DATA FOR THE TASK —
Content starts
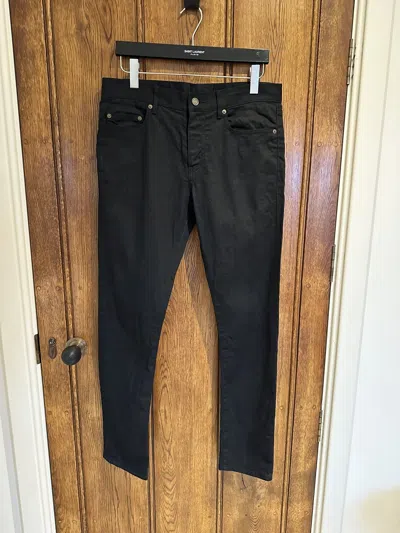 Pre-owned Saint Laurent Fw14  Black Skinny D02 Jeans Hedi Slimane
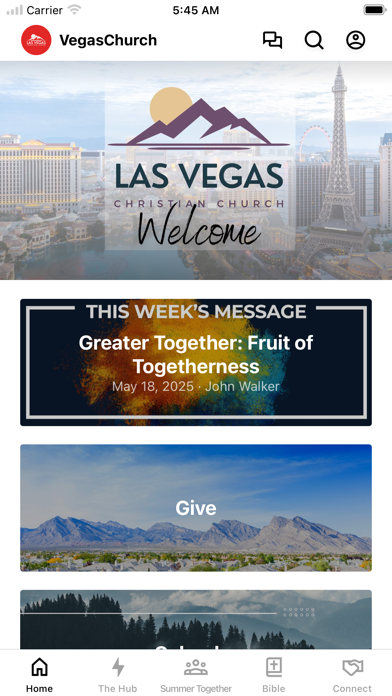 Las Vegas Christian Church Screenshot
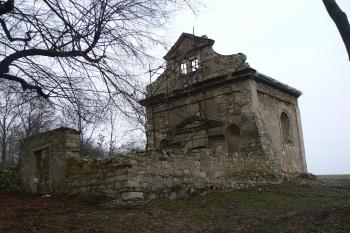 Stav po sejmutí krovů a zajištění zdiva (© Prudký Martin, 02/2011)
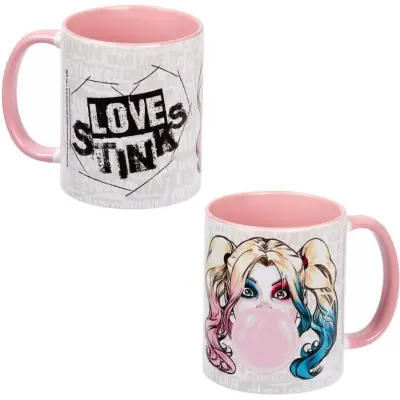 Batman - DC Comics Mugg - Harley Quinn - Love Stinks - för None - flerfärgad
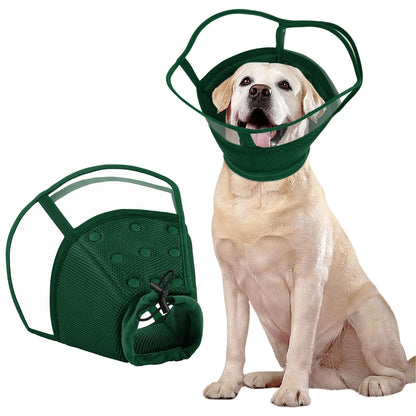 Kuoser Soft Dog Recovery Cone Collar – Adjustable Protective Collar for Small, Medium & Large Dogs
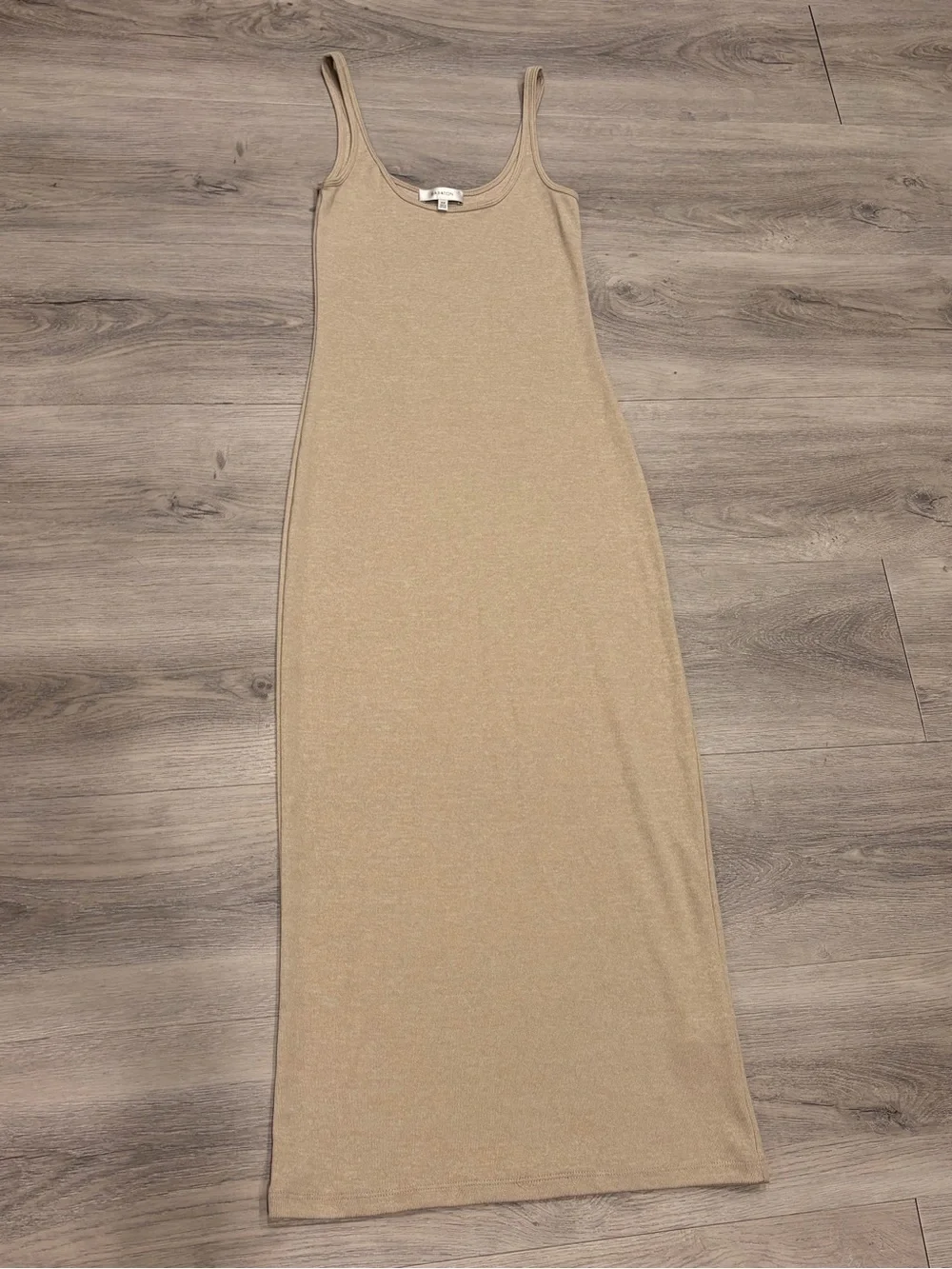 Aritzia Neutral Tank Maxi Dress in Beige - Picture 5 of 6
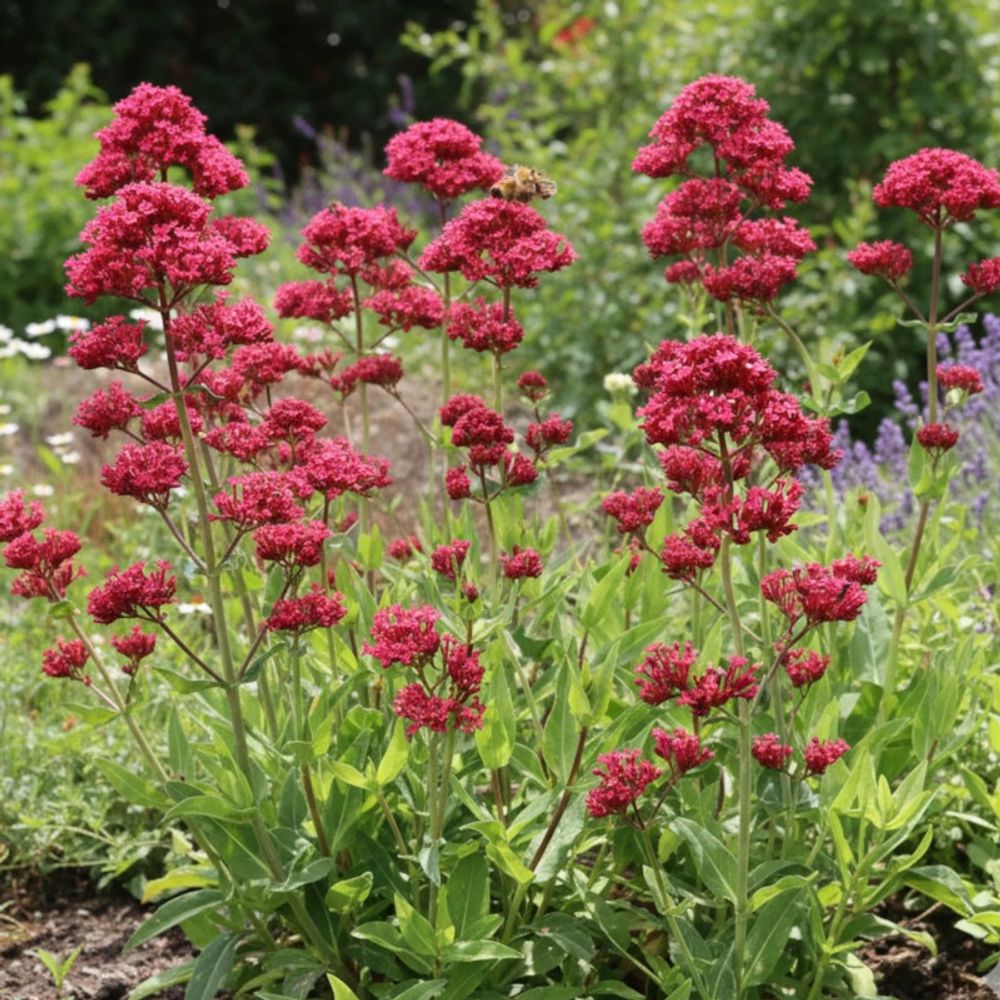 Valériane des jardins rouge lot de 5 godets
Content ends
Copy the records above precisely, and leave every image out of the copy.

 Pre-owned Saint Laurent Fw14  Black Skinny D02 Jeans Hedi Slimane
 Las Vegas Christian Church Screenshot
 Stav po sejmutí krovů a zajištění zdiva (© Prudký Martin, 02/2011)
 Batman - DC Comics Mugg - Harley Quinn - Love Stinks - för None - flerfärgad
 Kuoser Soft Dog Recovery Cone Collar – Adjustable Protective Collar for Small, Medium & Large Dogs
 Aritzia Neutral Tank Maxi Dress in Beige - Picture 5 of 6
 Valériane des jardins rouge lot de 5 godets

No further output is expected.